Data shown:
════════════════════
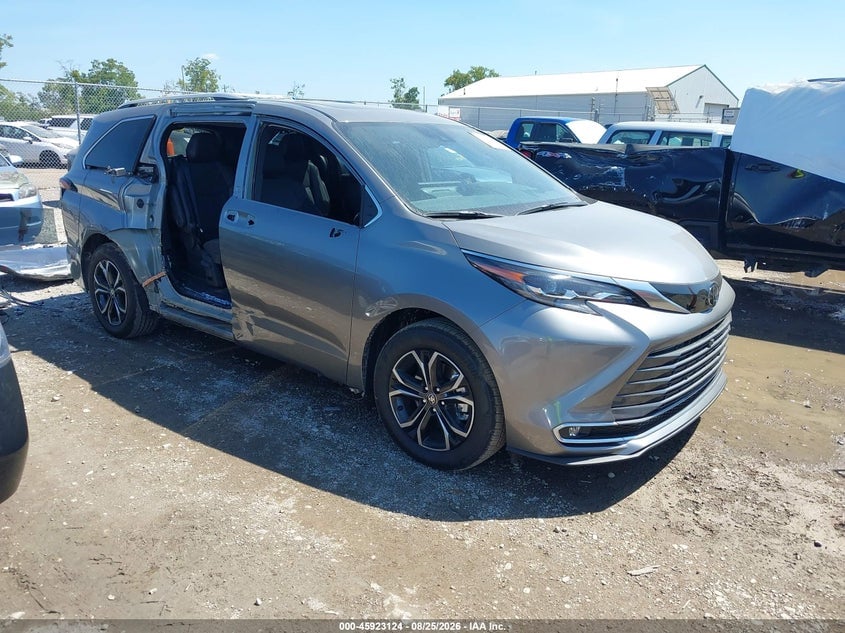 2026 TOYOTA SIENNA PLATINUM | 5TDESKFC5TS266967 | UPCARS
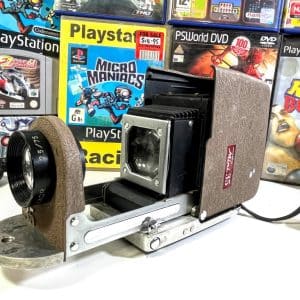 MINOLTA Mini 35 Projector & Carry Bag (Vintage 1960s)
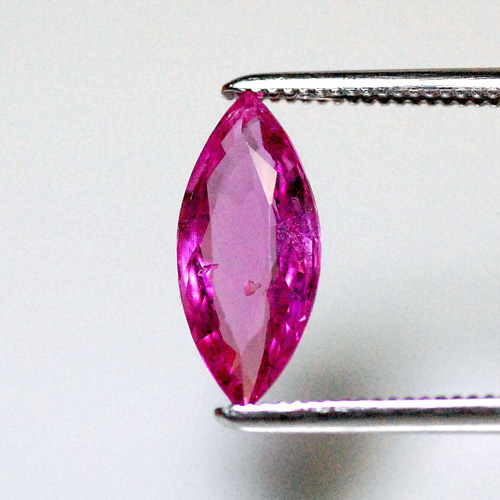 チタン酸ストロンチウム [016201-2773] : 天然石、宝石ルース(裸石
════════════════════
Assignment:
Every line of the data above should be repeated exactly. Omit the pictures.

Task solution:
 2026 TOYOTA SIENNA PLATINUM | 5TDESKFC5TS266967 | UPCARS
 MINOLTA Mini 35 Projector & Carry Bag (Vintage 1960s)
 チタン酸ストロンチウム [016201-2773] : 天然石、宝石ルース(裸石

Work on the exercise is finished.